▼▼▼

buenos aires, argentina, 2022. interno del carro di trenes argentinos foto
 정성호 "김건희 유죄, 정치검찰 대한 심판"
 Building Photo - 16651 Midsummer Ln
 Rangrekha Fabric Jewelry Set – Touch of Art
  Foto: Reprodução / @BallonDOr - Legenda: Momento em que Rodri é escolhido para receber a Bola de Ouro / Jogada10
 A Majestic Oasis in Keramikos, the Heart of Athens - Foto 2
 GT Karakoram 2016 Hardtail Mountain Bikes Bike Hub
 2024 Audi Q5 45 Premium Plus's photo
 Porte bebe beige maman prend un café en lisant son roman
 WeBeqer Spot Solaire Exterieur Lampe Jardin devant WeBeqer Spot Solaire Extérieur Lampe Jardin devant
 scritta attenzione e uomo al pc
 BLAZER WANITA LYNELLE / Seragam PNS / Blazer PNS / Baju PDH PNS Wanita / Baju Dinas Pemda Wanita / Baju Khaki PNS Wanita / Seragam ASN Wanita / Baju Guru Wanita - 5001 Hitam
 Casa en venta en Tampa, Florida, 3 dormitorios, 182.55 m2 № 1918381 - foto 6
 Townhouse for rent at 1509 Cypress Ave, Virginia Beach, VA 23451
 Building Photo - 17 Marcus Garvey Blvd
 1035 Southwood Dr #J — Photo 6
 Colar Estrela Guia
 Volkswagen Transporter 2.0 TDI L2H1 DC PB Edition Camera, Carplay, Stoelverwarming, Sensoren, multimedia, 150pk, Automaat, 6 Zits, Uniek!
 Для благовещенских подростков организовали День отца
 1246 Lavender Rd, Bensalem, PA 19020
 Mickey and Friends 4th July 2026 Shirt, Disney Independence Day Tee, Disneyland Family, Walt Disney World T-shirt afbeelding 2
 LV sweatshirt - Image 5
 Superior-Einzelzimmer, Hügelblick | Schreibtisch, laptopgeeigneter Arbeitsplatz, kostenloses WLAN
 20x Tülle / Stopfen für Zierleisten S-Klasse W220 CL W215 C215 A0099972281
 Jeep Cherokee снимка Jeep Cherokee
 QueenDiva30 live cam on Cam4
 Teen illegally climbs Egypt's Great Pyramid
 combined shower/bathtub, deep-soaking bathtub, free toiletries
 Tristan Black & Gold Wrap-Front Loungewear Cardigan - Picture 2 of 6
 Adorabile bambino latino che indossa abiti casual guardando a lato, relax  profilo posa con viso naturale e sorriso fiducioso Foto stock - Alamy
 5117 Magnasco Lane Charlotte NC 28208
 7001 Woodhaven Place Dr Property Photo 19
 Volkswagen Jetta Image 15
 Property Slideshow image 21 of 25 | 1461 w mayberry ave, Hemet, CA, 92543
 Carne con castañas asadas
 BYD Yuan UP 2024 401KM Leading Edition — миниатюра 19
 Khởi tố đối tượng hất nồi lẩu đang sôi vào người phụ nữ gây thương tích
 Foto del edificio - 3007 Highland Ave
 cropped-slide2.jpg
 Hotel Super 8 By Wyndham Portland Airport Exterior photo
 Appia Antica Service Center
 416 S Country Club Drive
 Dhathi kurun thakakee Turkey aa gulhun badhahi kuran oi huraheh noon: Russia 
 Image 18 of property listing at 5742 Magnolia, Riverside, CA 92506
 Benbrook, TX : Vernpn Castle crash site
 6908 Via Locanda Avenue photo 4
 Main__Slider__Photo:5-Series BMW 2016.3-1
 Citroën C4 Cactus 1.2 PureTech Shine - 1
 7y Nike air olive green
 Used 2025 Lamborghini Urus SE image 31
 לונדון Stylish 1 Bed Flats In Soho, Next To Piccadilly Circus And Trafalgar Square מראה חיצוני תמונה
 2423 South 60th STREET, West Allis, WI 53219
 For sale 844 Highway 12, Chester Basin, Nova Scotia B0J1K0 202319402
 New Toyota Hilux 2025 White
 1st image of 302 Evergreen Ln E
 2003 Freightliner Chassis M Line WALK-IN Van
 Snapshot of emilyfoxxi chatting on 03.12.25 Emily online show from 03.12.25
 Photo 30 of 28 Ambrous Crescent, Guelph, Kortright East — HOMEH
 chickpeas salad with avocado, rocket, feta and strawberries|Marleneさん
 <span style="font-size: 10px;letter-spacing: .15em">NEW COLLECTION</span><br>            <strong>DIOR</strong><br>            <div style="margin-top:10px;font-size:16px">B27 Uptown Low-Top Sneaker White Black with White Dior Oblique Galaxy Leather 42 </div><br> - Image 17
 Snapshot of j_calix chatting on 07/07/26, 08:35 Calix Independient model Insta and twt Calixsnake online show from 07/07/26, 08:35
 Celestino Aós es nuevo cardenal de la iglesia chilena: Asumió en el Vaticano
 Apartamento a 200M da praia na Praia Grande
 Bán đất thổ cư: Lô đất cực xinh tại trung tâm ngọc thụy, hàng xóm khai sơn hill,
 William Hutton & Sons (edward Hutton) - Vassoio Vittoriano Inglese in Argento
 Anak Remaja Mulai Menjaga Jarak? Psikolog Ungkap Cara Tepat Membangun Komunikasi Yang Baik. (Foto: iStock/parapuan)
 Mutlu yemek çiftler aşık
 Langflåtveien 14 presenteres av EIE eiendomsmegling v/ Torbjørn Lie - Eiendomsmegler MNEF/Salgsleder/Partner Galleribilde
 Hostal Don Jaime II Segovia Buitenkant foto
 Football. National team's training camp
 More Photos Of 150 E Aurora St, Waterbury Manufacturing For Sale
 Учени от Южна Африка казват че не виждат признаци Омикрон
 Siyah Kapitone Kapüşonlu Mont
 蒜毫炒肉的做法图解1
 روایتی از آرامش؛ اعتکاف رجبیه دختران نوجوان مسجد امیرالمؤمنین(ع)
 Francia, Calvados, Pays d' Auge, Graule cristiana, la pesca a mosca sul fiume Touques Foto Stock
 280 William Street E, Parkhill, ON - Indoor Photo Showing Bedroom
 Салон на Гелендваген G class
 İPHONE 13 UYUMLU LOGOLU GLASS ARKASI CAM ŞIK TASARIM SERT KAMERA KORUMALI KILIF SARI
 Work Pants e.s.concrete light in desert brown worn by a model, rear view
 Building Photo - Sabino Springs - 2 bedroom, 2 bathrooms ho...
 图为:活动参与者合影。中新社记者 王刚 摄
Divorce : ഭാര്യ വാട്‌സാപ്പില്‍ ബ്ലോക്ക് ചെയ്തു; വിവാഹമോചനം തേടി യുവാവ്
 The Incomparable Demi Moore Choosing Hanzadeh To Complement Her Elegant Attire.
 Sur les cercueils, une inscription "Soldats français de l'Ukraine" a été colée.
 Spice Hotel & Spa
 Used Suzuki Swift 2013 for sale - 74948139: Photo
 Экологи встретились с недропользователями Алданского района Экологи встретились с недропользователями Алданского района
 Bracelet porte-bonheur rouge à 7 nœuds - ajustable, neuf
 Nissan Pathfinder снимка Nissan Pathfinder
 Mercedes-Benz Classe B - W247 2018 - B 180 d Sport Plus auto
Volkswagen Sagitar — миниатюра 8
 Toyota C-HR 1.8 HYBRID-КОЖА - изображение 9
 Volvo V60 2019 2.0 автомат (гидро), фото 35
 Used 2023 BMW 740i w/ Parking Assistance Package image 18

▲▲▲

* _How to complete this task_
Counting every line of the records above that has the word "chatting", state the total and give nothing besides it.

* _Output_
2